We truly hope that the Chevrons, despite the fact that a sizeable section of Zimbabweans follow cricket, will keep on brightening our otherwise dull sporting life at the moment given that our football was condemned to the gutter by the Sports and Recreation Commission (SRC).

The Chevrons’ win forces us to revisit the plight of the country’s football and remind SRC that some decisions, if not well thought out, can destroy a whole nation’s morale and sense of nationhood.

In fact, when the various nations arrived last week for the International Cricket Council (ICC) T20 World Cup B 2022 qualifiers in Bulawayo, President Emmerson Mnangagwa welcomed them saying the tournament was an example of “the role sport plays in uniting people from diverse backgrounds as well as the ability to speak to us all in a language we all understand”.

It is now more than five months after SRC fired the Zifa board and attracted the ire of Fifa which subsequently banned the country from international football over government interference in the sport.
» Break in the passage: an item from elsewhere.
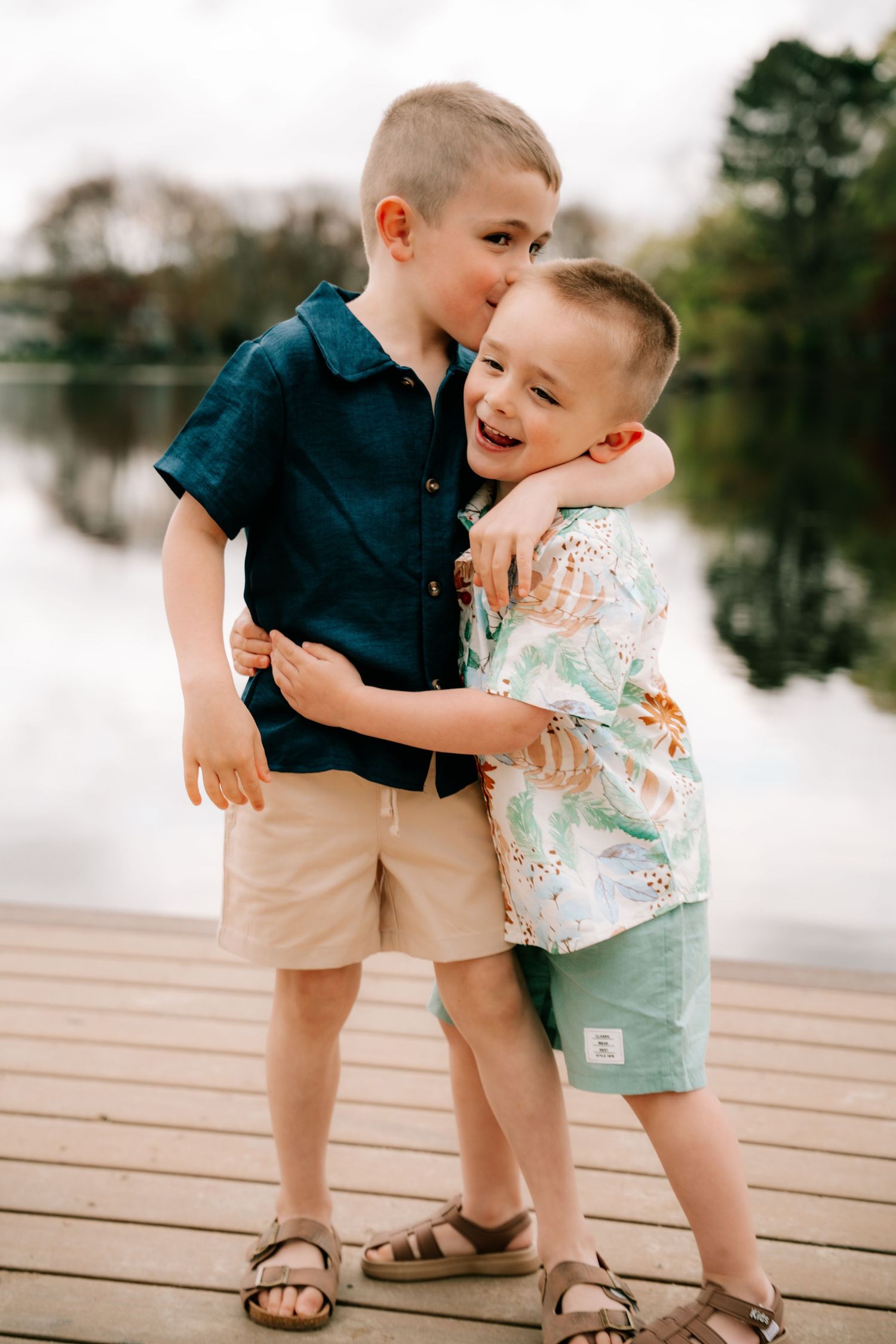Two young brothers hugging and laughing together on a wooden dock near a lake.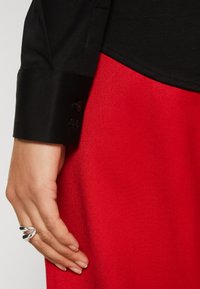 Polsino di camicia nera a maniche lunghe con dettaglio dei bottoni, abbinato a una gonna in tessuto rosso texturizzato. Mano posata sulla gonna, con un anello d'argento.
Fifa has been mum and unflinching on its stance that Zimbabwe remains banned until it reinstates the Felton Kwamwendo-led board, making it very clear that until donkeys grow horns Zimbabwe will never be accepted back into the international football family.

We would have thought that if Mnangagwa really appreciates the role sport plays in uniting this very politically-divided nation, he would have taken serious interest in what has happened to our soccer. If his sentiments on the role of sport in uniting Zimbabweans were genuine, he would have by now even made sure that the Zifa board members’ case is fast-tracked at the courts where the SRC hopes to prove its allegations against the fired board members.
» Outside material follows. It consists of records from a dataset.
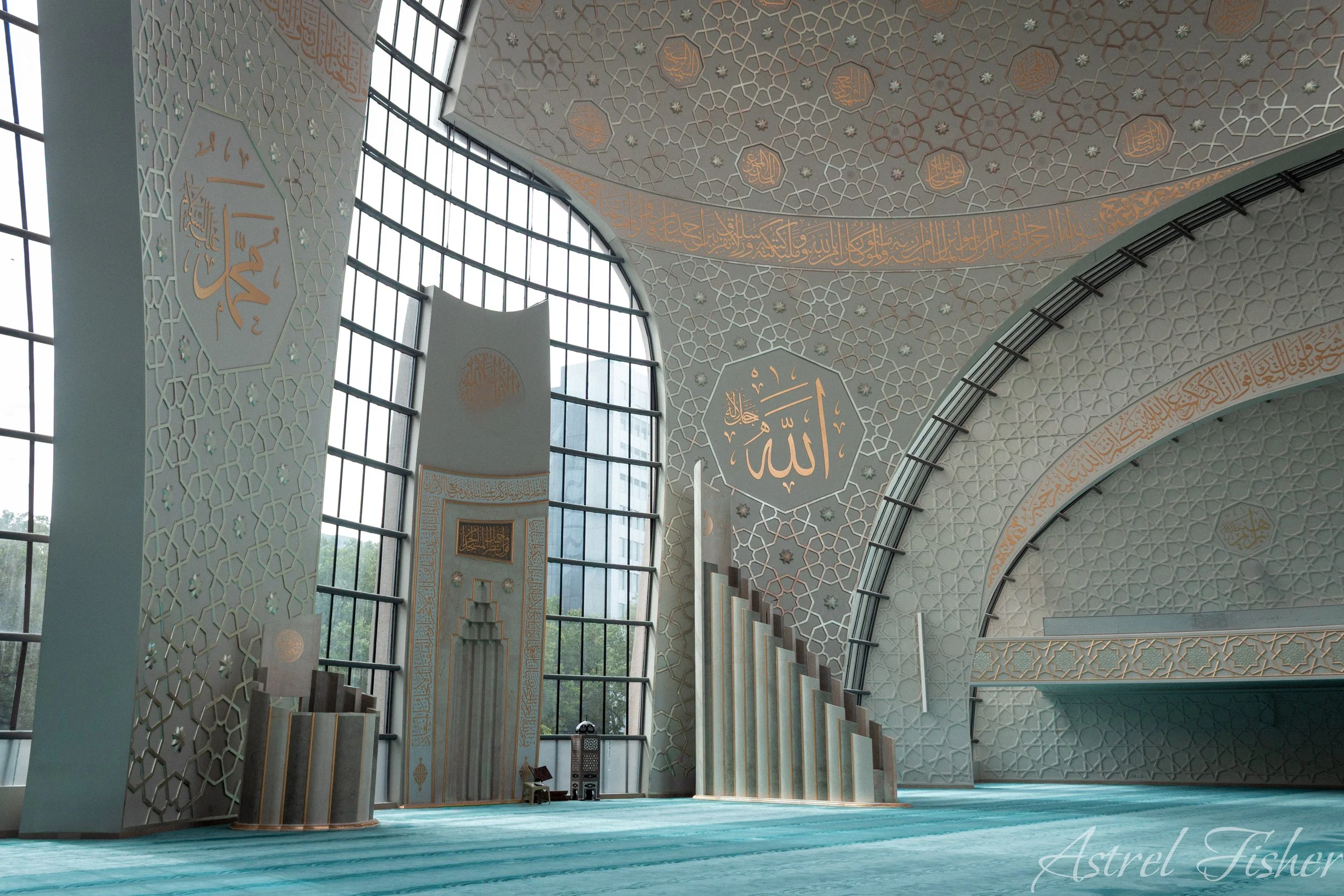 Interior of a mosque with intricate Islamic geometric patterns on the ceiling, large windows, and a prayer area with rows of prayer rugs.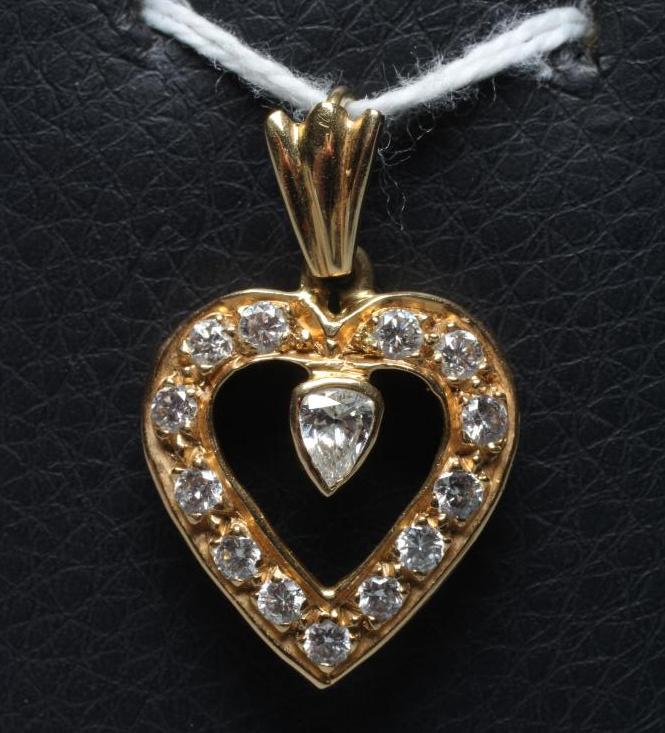 A DIAMOND HEART PENDANT, the thirteen mix cut stones point set to an open border centred by a single Image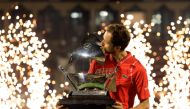 Russia's Daniil Medvedev kisses his trophy after winning against Andrey Rublev during the ATP Dubai Duty Free Tennis Championship final match in Dubai, on March 4, 2023. (Photo by Karim SAHIB / AFP)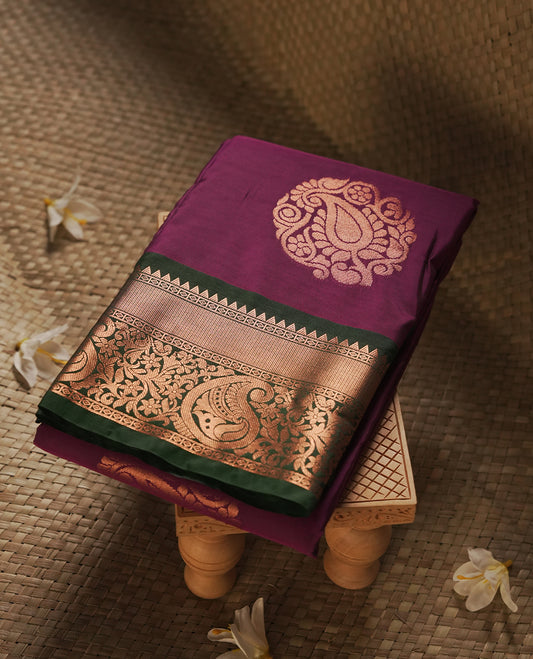 Dark Purple colour Semi Silk Saree with gold zari motifs on the body, paired with a contrast Dark green colour pallu with gold zari traditioal border, and a matching blouse piece.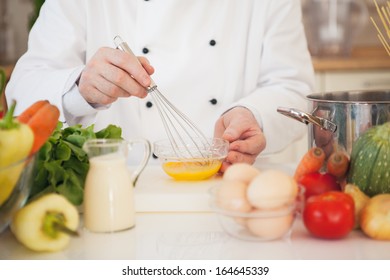 Hands Of A Chef Making An Omelette.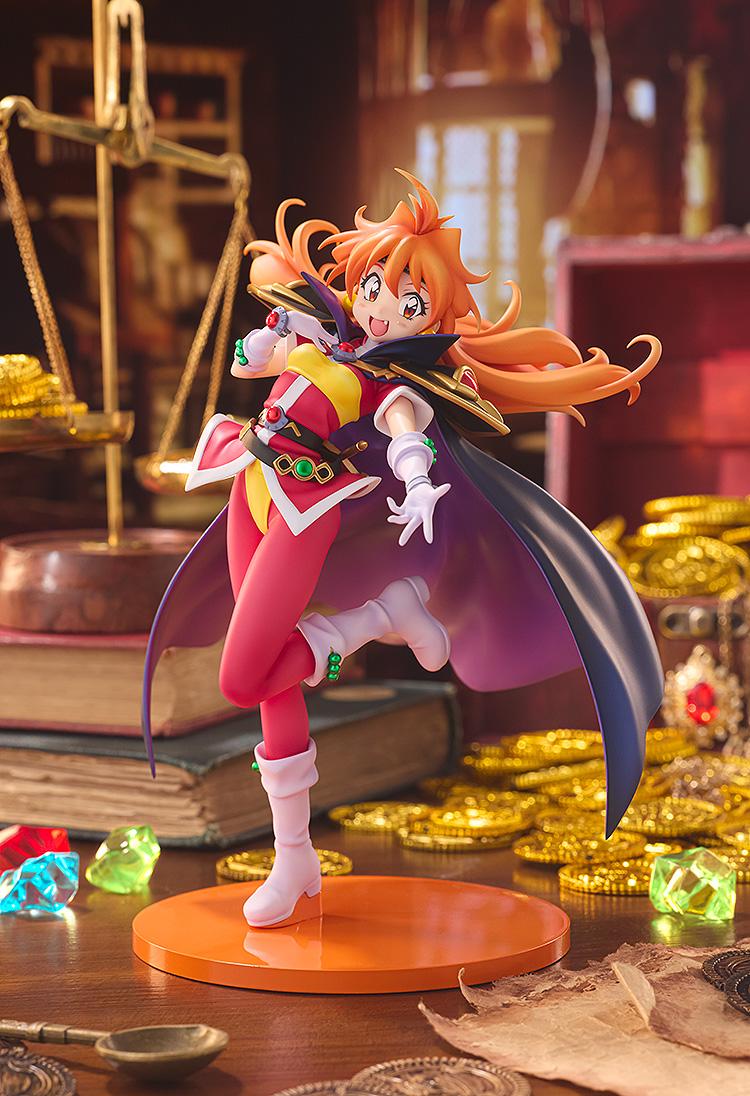 Promotional lifestyle display shot of the KDcolle Lina Inverse figure surrounded by gold coins, gems, and vintage books.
Our main point being that waiting for the slow wheels of the country’s justice system to roll on such a critical issue that helps unite us as a people makes many of us doubt Mnangagwa’s commitment to bringing sanity to the world’s most beautiful game.

In fact, as the court case continues to gather dust in remand many will end up believing that indeed government is meddling in the affairs of local football.

It is quite sad that the world out there has so much love for Zimbabwe that they wish we get some of these very things right. An example is the recent Cricket World Cup qualifiers which the ICC gave us to host after the world cricket body suspended the country some time back over SRC interference in cricket.

After the Zimbabwe government accepted its wrongs when it suspended the country’s cricket board, the international cricket community showed its eagerness to help the country develop and popularise cricket by offering it to host the T20 qualifiers.

The same is very possible for soccer, only if the SRC swallows its pride or at least if it quickly proves its case at the courts. But as it is, there is very little hope for the country’s most popular sport, which, unfortunately, can have a detrimental effect on all sports in general.